Capítulo 1: La noche cae despacio
Tomás miró por la ventana mientras el cielo se iba tiñendo de azul oscuro. La cena ya estaba en la mesa y el aroma a sopa caliente llenaba toda la casa, pero él solo podía pensar en una cosa: la noche. Cada vez que el sol desaparecía, sentía un cosquilleo incómodo en la barriga.
—Mamá, ¿puedo dormir con la luz encendida esta noche? —preguntó Tomás, intentando sonar casual.
Su madre sonrió y le revolvió el pelo.
—¿Sabes qué? Cuando yo era pequeña también me asustaba la oscuridad. Pero descubrí que la noche puede ser muy tranquila si sabes mirarla de otra manera.
Tomás no estaba seguro, pero le gustaba escuchar a su madre. Se sentaron juntos a cenar, mientras el silencio suave de la noche comenzaba a envolver la casa.
Capítulo 2: Un monstruo bajo la cama (o no)
Después de lavarse los dientes y ponerse el pijama de dinosaurios, Tomás se metió bajo las mantas.

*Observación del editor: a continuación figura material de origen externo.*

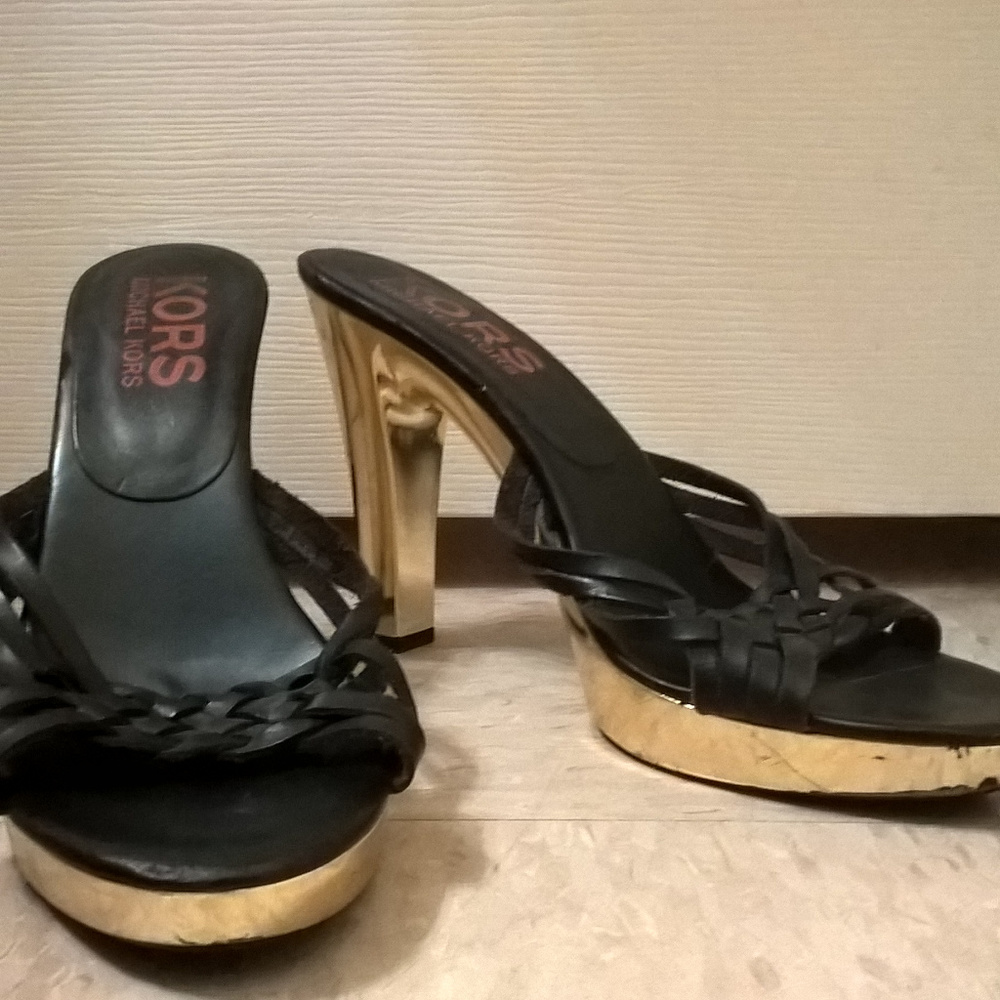 KORS Michael Kors Black and Gold Heels 7.5M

Apagaron la lámpara, y enseguida, todo se llenó de sombras.
—Mamá, ¿puedes quedarte un ratito? —susurró.
La madre se sentó en la cama y Tomás se tapó hasta la nariz. De repente, la sombra de su mochila parecía un monstruo con muchas patas.
—¿Ves ese bulto? —preguntó Tomás, señalando con el dedo tembloroso.
Su madre se asomó y, con voz divertida, dijo:
—¡Vaya! ¡Ese monstruo tiene cremallera y bolsillos!
Tomás se rió, un poco aliviado. Su madre encendió la linterna y juntos comprobaron que solo era la mochila.
—A veces nuestra mente imagina cosas diferentes en la oscuridad —explicó—. Pero si miramos bien, todo sigue siendo lo mismo.
Tomás asintió, aunque su barriga seguía con mariposas inquietas.
Capítulo 3: Un plan luminoso
A la noche siguiente, Tomás decidió que quería entender mejor la oscuridad.
—¿Podemos hacer un experimento? —le propuso a su madre.
—¡Por supuesto! —respondió ella.
Primero, buscaron una pequeña linterna y una manta. Apagaron la luz y se metieron debajo de la manta, como en una cueva.
—¿Qué oyes? —preguntó la madre.
Tomás agudizó el oído. Se oía el tic-tac del reloj, el viento en la ventana, algún coche lejano.
—Nada peligroso —dijo él, sorprendido.
Después, iluminaron la habitación con la linterna. Cada objeto quedaba iluminado de una forma diferente: el peluche tenía una cara graciosa, el escritorio parecía una montaña de papel.
—¿Ves? La oscuridad no es mala, solo es distinta —dijo su madre.
Tomás sintió que, tal vez, podría ser valiente en la noche.
Capítulo 4: La linterna mágica y los susurros de la oscuridad
Esa noche, Tomás decidió dormir solo, pero con su linterna cerca. Apagó la luz y, cuando el cuarto se llenó de sombras, encendió la linterna para ver su rincón favorito: la estantería de libros.
De repente, notó que la oscuridad ya no era tan aterradora. Ahora era como una manta suave que lo arropaba. Escuchó los sonidos de la casa: la nevera zumbando, papá riendo bajito en el salón, y el susurro del viento en el tejado.
—Hola, oscuridad —susurró Tomás—. Hoy no me das tanto miedo.
Apagó la linterna y cerró los ojos, respirando despacio. Imaginó que estaba flotando en un mar de algodón, suave y silencioso.
Capítulo 5: El silencio de algodón
Tomás se despertó al día siguiente con una sensación nueva, como si hubiera crecido un poco durante la noche.
Durante el desayuno, contó su hazaña a sus padres.
—¿Sabéis qué? La oscuridad solo es otra forma de ver el mundo. Ahora, cuando apago la luz, escucho mejor y siento el silencio como si fuera de algodón.
Su madre le abrazó y le susurró:
—La oscuridad puede ser un buen lugar para escuchar tus propios pensamientos.
Tomás sonrió, orgulloso. Aprendió que algunas cosas dan miedo solo porque no las conocemos bien. Y cuando escuchamos a nuestro corazón y nos damos tiempo para entender, la oscuridad se convierte en una amiga suave que nos acompaña hasta el sueño.
Al llegar la noche, Tomás apagó la luz solo, se acurrucó bajo las mantas y dejó que el silencio de algodón lo envolviera, confiando en sí mismo y en la paz tranquila de la oscuridad.